TASK PROMPT:
Retype the records below exactly as given, but only from the first line through the line with "BLUE CREWNECK SWEATSHIRT", and without the pictures.

DATA SHOWN:
◇ ◇ ◇ ◇
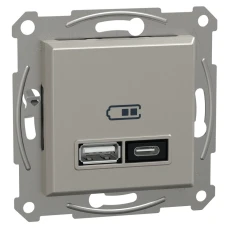 Schneider Electric Asfora EPH2700569. Подвійний зарядний пристрій USB, тип A+C, 21Вт, бронзовий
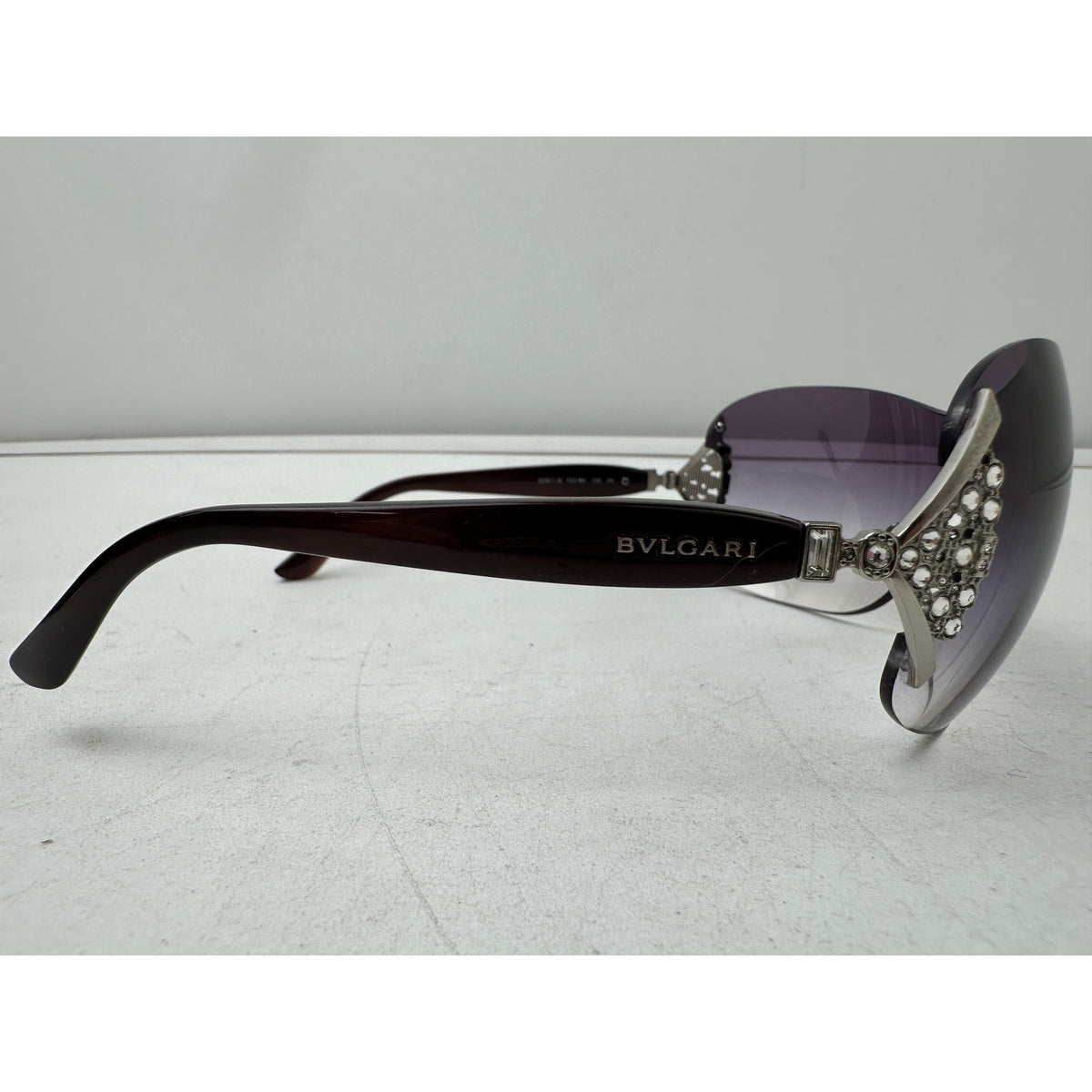 BVLGARI Crystal Rhinestone Shield Sunglasses with Leather Case
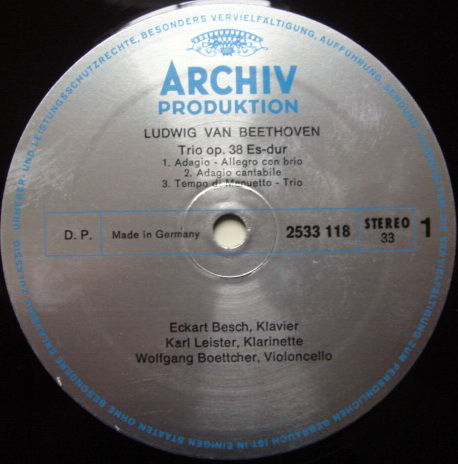 Archiv / LEISTER, - Beethoven Trio op.38, NM!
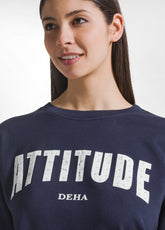 BLUE CREWNECK SWEATSHIRT WITH PRINT AND STUDS - BLUE NIGHT | DEHA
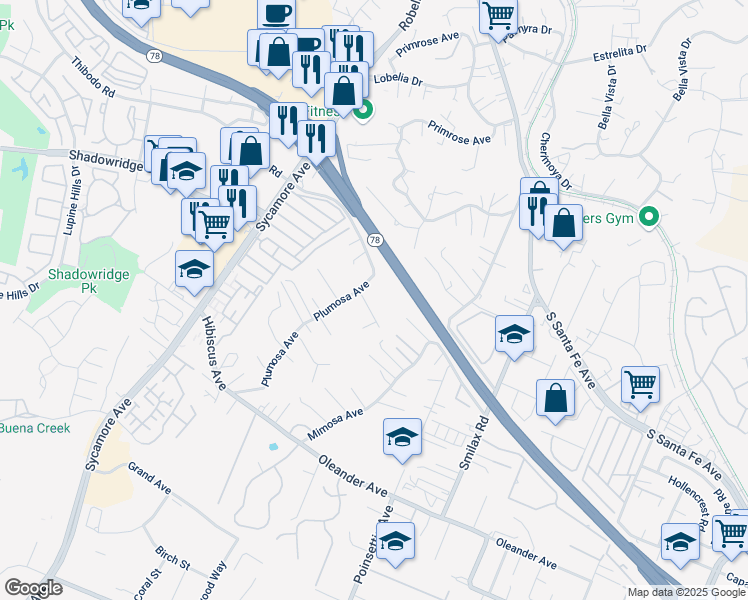 map of restaurants, bars, coffee shops, grocery stores, and more near 540 Plumosa Avenue in Vista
◇ ◇ ◇ ◇
REPLY TO THE TASK:
 Schneider Electric Asfora EPH2700569. Подвійний зарядний пристрій USB, тип A+C, 21Вт, бронзовий
 BVLGARI Crystal Rhinestone Shield Sunglasses with Leather Case
 Archiv / LEISTER, - Beethoven Trio op.38, NM!
 BLUE CREWNECK SWEATSHIRT WITH PRINT AND STUDS - BLUE NIGHT | DEHA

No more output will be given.